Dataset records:
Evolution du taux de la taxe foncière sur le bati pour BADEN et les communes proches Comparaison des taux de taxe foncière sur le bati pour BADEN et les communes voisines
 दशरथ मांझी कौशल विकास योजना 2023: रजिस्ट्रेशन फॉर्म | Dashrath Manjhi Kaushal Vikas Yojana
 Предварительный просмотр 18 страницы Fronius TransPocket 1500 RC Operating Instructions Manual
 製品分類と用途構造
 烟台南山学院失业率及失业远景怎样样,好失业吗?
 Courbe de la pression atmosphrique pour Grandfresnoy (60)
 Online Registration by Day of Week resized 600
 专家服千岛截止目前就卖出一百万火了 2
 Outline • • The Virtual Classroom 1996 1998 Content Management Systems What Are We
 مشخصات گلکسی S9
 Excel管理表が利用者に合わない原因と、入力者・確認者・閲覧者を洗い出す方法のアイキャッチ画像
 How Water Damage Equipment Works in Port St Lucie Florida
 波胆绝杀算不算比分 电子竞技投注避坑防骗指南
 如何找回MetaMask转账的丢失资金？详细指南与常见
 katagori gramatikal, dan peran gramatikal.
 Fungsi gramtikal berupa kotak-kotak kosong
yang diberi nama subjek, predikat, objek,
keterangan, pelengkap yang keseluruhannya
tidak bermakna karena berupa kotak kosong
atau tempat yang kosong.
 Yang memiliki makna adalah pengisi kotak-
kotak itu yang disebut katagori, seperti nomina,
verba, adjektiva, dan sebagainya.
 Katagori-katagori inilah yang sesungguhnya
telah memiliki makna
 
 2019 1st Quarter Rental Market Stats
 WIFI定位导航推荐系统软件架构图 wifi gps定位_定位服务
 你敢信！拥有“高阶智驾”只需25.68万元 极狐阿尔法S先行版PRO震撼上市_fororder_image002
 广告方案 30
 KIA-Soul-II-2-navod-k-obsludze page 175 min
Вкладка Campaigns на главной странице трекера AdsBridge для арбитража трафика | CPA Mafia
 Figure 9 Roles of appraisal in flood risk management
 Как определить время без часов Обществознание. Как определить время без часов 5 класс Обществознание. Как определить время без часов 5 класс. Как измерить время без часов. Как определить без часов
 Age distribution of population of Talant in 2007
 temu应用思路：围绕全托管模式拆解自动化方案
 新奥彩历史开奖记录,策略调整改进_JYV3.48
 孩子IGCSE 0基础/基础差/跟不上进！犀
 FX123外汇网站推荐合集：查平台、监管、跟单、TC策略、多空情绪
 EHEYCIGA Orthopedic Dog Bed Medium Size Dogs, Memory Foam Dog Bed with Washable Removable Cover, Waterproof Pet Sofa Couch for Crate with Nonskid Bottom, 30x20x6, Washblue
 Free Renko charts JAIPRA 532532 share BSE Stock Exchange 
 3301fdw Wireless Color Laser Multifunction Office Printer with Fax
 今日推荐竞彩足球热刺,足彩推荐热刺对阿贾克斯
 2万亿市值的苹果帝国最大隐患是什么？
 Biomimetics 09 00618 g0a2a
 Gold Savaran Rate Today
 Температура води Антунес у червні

* WORK TASK
Your answer should be all lines from the data that contain "memiliki".

* TASK RESPONSE
 Yang memiliki makna adalah pengisi kotak-
telah memiliki makna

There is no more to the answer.